Was man manchmal vor lauter großen Konzerten vergisst, sind all die kleinen Veranstaltungen, die unter der Woche immer wieder an schönen Orten in Osnabrück stattfinden. Der Zauber von OS hat sich in den letzten Monaten immer mehr zur starken Wohnzimmerbühne für kleine, oft wunderbare Bands und Künstler gemausert. Am Donnerstagabend habe ich dort ganz spontan Wyne Garden aus Bielefeld besucht. Ein lustiger Abend, dessen Unperfektheit ihn perfekt sein ließ.

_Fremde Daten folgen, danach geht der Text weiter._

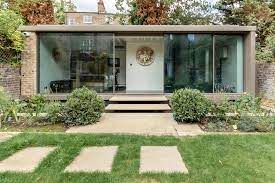 Modern glass-fronted building with steps and landscaped garden.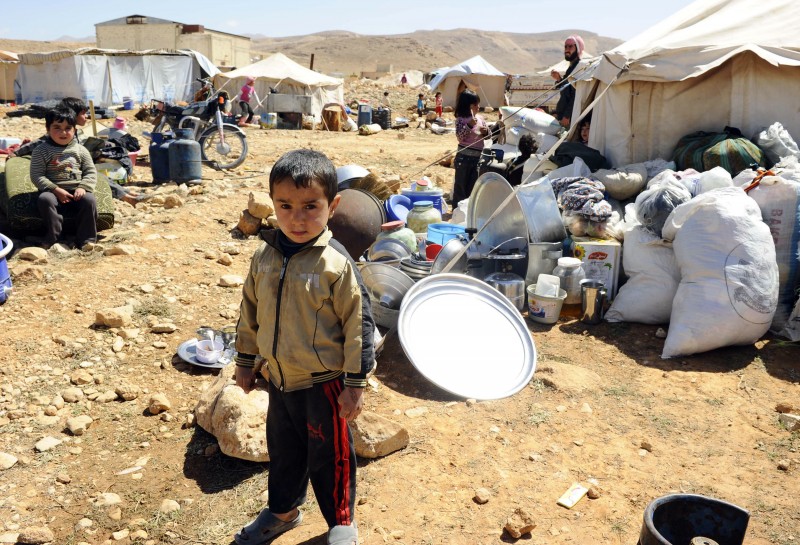 A Syrian refugee child who fled the violence from the Syrian town of Flita, near Yabroud, poses for a photograph at the border town of Arsal in Bekaa Valley, Lebanon situated along the border with Syria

Wie kann aus Unperfektheit Perfektion werden? Nun, das liegt wohl einfach an Wyne Garden selbst. Um ehrlich zu sein, ich war mir vor dem Konzert nicht sicher, ob ich an diesem Abend begeistert oder mit Ohrenschmerzen nach Hause gehen würde. Wyne Garden steht für Lo-Fi-Garage-Pop, der aufgenommen eben so klingt, als hätte man, ja, einen Kassettenrekorder in eine Garage gestellt. Ich bin, was schräge Töne angeht, etwas empfindlich. Deshalb hatte ich es vor dem Konzert auch trotz mehrerer Anläufe nicht geschafft, mir mehr als 30 Sekunden von Wyne Garden anzuhören. Die Musik vertrug sich einfach nicht mit meinem gestressten Kopf.
Live und auf Platte sind ja aber bekanntlich zwei verschiedene Paar Schuhe. Und da die liebe Beene und Angelino von Taiga ganz begeistert von Wyne Garden sind, gebe ich ihm also noch eine Chance. Zum Glück.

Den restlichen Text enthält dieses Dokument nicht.